> What this task involves
Could the listing be repeated exactly, with every picture dropped?

> Source records

+++

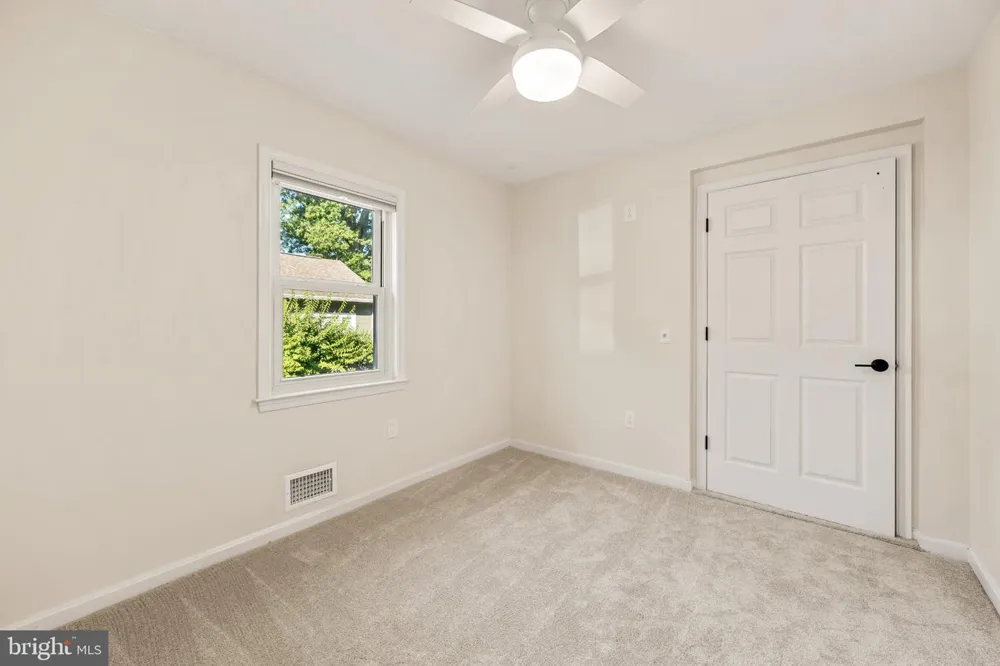 101 EARLEY Alexandria, VA 22304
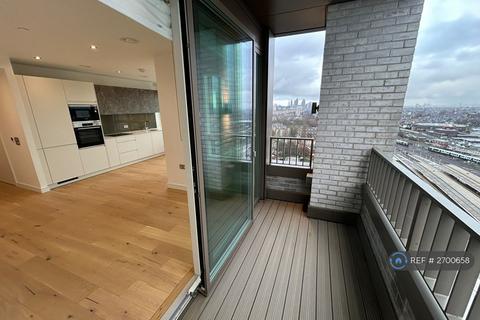 1 bedroom in a flat share to rent, Duval House, London, SW11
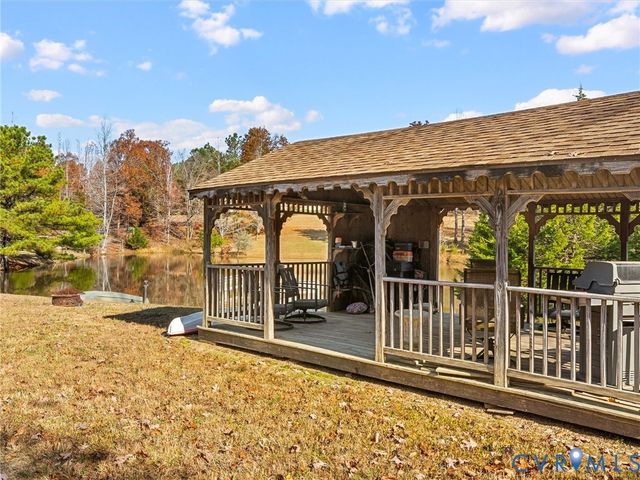 837 Briery Hills Dr, Meherrin, VA 23954
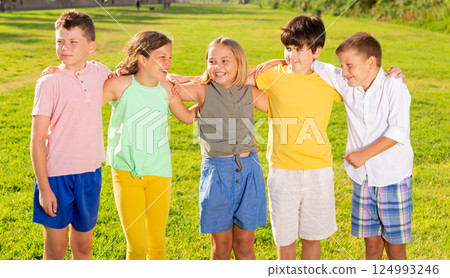 Group photo of children Group photo of children 124993246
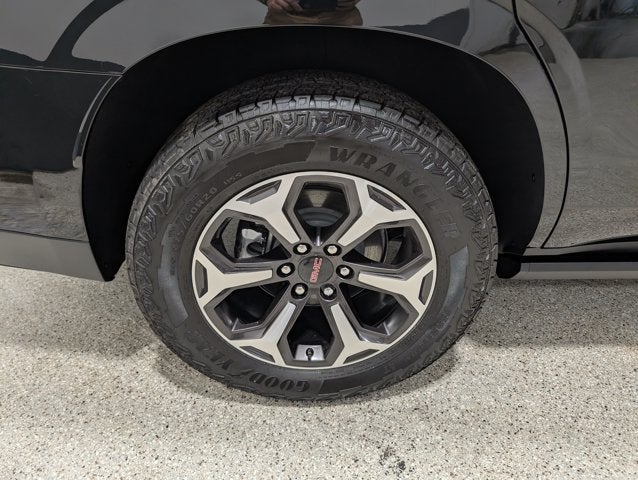 2026 GMC Yukon AT4 Ultimate 3.0L Duramax Turbo-Diesel Air Suspension Onyx Black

+++

> Result
 101 EARLEY Alexandria, VA 22304
 1 bedroom in a flat share to rent, Duval House, London, SW11
 837 Briery Hills Dr, Meherrin, VA 23954
 Group photo of children Group photo of children 124993246
 2026 GMC Yukon AT4 Ultimate 3.0L Duramax Turbo-Diesel Air Suspension Onyx Black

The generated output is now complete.